BEGIN Source data
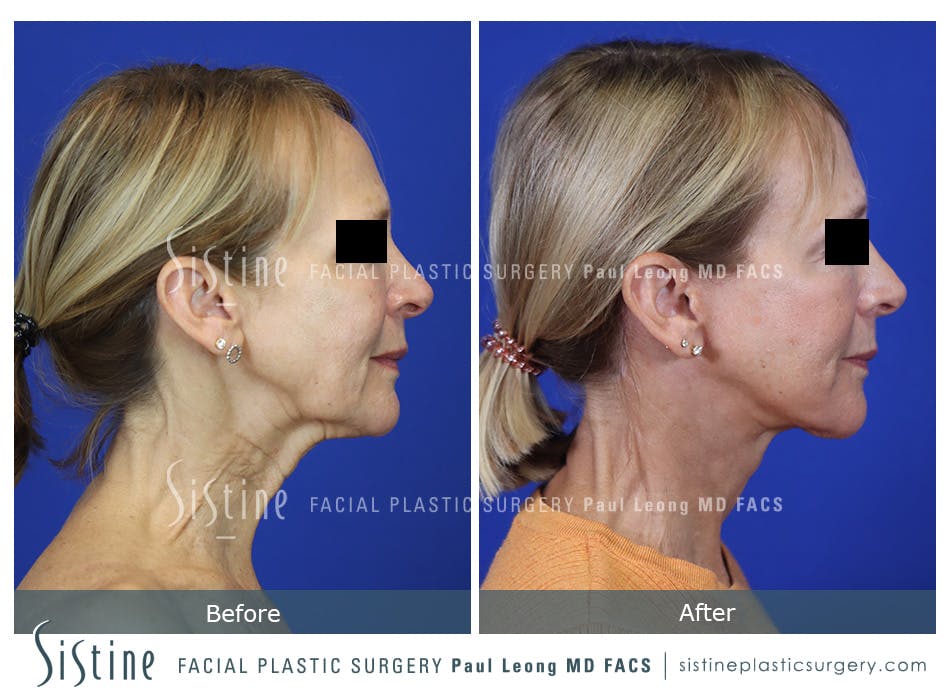 Facelift Before and After | Leong Facial Plastic Surgery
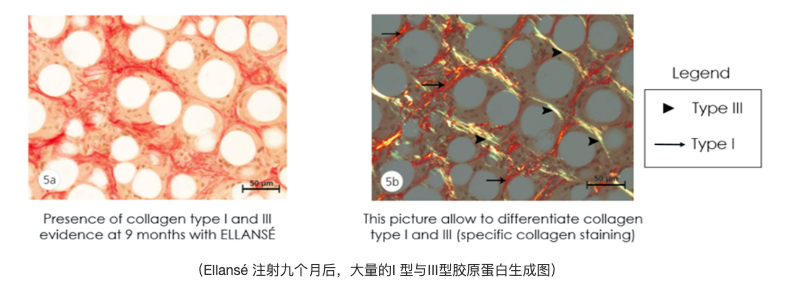 打蛋白针有什么作用_蛋白针有副作用吗_蛋白针有用吗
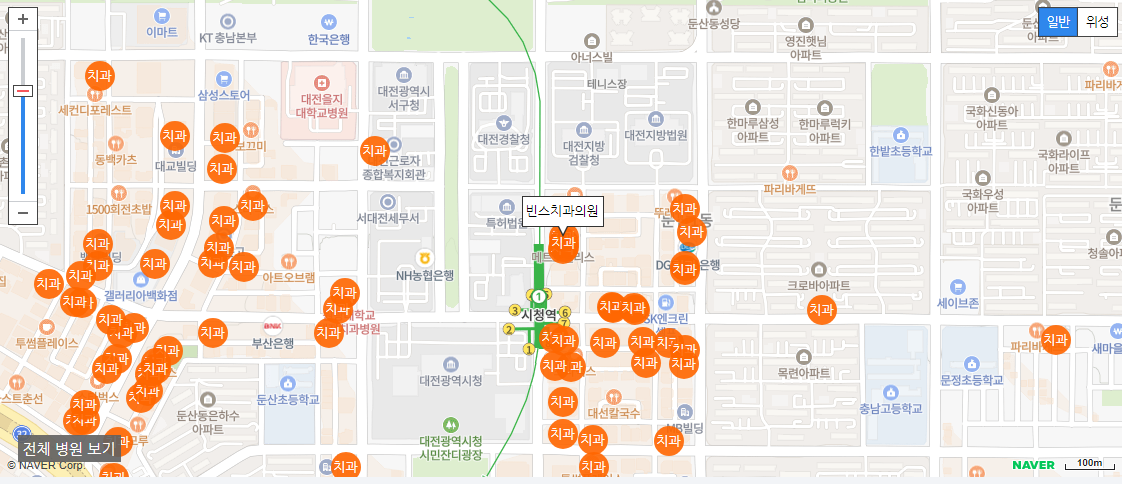 대전 야간진료 치과 후기 좋은 치과 빈스치과의원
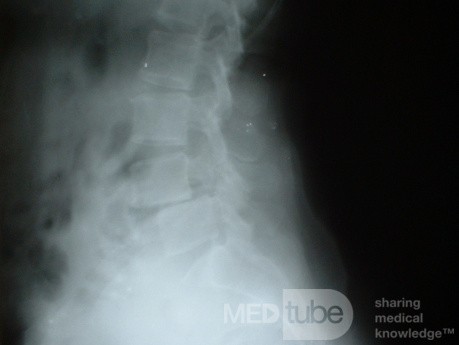 Spondylolesthesis L4-5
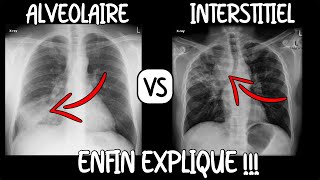 Médecine  Tout savoir sur la radiographie de thorax [upl. by Akemhs]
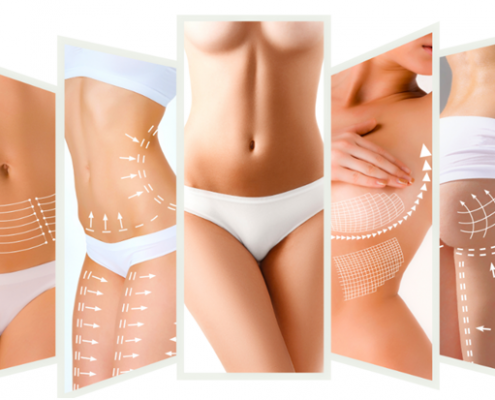 que-es-la-lipoabdominoplastia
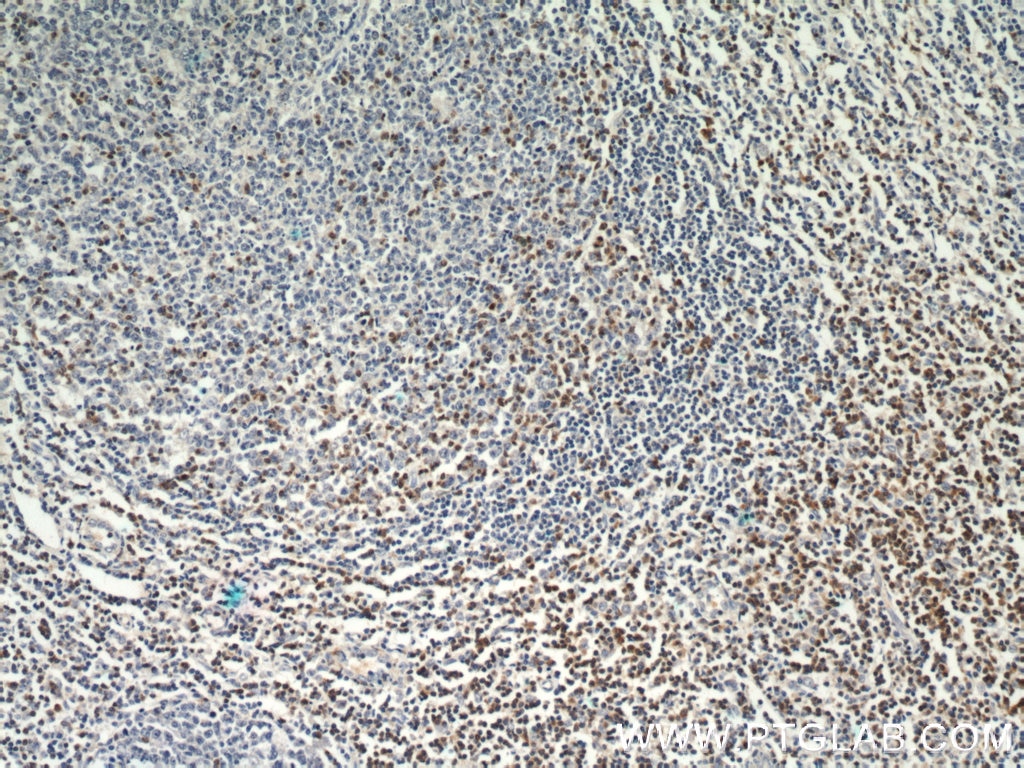 Immunohistochemistry (IHC) staining of human tonsillitis tissue using ZAP70 Polyclonal antibody (15592-1-AP)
END Source data
> [About this task]: When you reach the line that contains "打蛋白针有什么作用_蛋白针有副作用吗_蛋白针有用吗", start reproducing, and continue word for word to the end of the records; skip all pictures.

> [Solution to this task]:
 打蛋白针有什么作用_蛋白针有副作用吗_蛋白针有用吗
 대전 야간진료 치과 후기 좋은 치과 빈스치과의원
 Spondylolesthesis L4-5
 Médecine  Tout savoir sur la radiographie de thorax [upl. by Akemhs]
 que-es-la-lipoabdominoplastia
 Immunohistochemistry (IHC) staining of human tonsillitis tissue using ZAP70 Polyclonal antibody (15592-1-AP)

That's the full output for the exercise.